Surfistas na Praia do Diabo, onde a vista da pedra alcança o Forte Copacabana e o Pão de Açúcar: pranchas no mar são parte do cenário há 60 anos (Foto: Oscar Valporto)
Surfistas na Praia do Diabo, onde a vista da pedra alcança o Forte Copacabana e o Pão de Açúcar: pranchas no mar são parte do cenário há 60 anos (Foto: Oscar Valporto)
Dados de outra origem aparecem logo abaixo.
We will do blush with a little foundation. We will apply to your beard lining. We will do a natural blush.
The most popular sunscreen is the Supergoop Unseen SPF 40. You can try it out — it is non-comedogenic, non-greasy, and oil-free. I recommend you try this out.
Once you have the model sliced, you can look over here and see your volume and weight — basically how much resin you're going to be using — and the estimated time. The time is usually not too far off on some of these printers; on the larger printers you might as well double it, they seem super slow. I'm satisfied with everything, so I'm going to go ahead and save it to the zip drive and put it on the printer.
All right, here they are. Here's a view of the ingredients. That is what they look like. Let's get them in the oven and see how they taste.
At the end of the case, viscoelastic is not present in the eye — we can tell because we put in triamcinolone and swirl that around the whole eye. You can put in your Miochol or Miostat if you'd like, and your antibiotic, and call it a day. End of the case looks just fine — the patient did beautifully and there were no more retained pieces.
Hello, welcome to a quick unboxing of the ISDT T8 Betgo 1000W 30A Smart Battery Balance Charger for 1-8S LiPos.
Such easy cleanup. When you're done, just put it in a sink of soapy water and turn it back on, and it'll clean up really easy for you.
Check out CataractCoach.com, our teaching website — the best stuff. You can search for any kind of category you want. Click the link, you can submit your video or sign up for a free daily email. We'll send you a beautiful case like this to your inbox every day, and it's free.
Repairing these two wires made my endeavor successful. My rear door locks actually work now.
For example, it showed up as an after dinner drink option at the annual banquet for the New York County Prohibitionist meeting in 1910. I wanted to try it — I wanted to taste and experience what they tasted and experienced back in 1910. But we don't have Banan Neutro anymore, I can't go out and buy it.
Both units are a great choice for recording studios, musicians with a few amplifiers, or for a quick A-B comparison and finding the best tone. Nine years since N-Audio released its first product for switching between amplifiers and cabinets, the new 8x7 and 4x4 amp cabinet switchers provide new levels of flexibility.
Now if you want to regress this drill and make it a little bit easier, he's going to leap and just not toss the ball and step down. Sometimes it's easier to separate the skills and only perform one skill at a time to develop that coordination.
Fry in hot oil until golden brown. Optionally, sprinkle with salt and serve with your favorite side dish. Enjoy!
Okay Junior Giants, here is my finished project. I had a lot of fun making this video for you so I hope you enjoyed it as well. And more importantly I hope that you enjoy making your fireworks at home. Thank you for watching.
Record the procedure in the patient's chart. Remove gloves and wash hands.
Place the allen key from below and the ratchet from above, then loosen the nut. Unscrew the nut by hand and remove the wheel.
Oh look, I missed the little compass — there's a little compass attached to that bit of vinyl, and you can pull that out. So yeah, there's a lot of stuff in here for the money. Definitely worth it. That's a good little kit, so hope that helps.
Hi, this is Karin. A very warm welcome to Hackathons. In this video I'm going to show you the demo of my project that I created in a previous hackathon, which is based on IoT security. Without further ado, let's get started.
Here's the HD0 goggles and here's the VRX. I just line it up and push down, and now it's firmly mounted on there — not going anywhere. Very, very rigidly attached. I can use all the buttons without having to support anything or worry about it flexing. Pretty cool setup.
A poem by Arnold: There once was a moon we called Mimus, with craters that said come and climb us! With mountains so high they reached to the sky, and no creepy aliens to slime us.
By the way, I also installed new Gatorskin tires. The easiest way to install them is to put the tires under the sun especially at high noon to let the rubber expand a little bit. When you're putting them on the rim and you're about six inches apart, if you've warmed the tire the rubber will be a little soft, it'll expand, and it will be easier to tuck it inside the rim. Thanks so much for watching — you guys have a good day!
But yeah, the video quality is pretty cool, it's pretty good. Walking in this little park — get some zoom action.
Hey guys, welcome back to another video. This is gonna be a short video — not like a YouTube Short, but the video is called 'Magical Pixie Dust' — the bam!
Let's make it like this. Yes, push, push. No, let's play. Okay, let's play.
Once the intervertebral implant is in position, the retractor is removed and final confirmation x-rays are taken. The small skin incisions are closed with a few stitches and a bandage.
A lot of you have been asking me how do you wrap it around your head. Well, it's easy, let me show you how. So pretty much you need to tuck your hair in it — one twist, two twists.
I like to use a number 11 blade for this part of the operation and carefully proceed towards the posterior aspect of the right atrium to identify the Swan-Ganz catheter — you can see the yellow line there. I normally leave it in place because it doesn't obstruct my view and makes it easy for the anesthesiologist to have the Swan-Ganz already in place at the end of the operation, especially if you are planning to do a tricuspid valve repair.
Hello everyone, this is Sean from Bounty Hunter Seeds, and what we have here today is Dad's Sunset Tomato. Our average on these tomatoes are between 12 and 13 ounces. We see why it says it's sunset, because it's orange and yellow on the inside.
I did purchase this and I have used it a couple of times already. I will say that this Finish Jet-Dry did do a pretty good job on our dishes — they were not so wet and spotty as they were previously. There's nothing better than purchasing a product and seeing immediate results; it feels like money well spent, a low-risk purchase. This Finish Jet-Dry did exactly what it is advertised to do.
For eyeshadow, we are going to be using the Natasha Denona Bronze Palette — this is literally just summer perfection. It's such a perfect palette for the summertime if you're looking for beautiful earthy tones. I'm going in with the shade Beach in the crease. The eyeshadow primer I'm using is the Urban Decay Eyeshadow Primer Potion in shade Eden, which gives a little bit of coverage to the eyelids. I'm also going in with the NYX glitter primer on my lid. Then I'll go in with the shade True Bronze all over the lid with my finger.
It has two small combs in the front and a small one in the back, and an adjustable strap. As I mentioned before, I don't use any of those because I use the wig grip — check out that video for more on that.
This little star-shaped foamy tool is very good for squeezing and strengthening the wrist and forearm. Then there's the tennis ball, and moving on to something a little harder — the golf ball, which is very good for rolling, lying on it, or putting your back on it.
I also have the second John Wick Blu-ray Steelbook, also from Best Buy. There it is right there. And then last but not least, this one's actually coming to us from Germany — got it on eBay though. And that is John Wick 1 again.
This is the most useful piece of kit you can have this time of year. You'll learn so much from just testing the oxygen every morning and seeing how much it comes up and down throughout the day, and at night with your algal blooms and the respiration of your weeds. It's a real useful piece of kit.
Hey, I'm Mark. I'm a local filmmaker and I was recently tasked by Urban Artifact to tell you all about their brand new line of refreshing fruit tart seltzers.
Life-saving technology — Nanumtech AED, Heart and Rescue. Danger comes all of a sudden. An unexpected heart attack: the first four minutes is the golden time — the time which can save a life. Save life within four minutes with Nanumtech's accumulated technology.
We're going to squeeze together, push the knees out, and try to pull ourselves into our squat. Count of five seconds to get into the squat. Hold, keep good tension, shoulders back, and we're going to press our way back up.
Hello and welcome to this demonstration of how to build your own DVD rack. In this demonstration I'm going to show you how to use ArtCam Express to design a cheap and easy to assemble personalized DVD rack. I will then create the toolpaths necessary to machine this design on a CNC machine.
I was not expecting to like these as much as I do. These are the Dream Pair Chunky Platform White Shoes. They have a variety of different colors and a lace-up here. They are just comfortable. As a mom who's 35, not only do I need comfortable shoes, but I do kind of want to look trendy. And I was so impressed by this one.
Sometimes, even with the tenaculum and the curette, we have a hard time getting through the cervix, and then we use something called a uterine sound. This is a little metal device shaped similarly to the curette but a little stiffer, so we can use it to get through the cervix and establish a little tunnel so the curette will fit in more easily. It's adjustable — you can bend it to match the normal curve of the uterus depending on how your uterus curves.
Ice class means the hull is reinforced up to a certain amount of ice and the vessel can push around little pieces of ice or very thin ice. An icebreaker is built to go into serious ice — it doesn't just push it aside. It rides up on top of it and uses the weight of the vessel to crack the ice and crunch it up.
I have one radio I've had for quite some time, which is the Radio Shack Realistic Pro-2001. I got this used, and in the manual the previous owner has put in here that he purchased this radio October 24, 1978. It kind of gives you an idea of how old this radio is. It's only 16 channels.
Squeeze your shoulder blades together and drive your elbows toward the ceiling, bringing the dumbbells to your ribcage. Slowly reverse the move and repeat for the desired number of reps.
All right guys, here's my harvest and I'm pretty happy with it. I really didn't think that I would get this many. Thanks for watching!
Estação de Rádio-Telégrafo do Arpoador durou muito mais tempo: A casa, em estilo  art-déco, foi construída sobre uma plataforma que avançava nas areias da Praia do Diabo, do Arpoador. Quando foi desativada, em 1967, o Arpoador já havia mudado muito. Os pescadores permaneciam, mas a moda entre a juventude à beira-mar havia passado da pesca submarina, dos anos 1950, para o surfe – em 1967, inclusive, os surfistas resistiram a uma tentativa do Corpo de Bombeiros de limitar o horário para o esporte na Praia do Arpoador e na vizinha Praia do Diabo. O prédio da estação, abandonado, já era então palco de disputa judicial entre a Prefeitura do Rio e a EBCT desde que Marcos Tamoyo, prefeito da capital do Estado da Guanabara, baixou decreto impedindo construções na pedra. A empresa dos Correios queria vender o terreno da estação.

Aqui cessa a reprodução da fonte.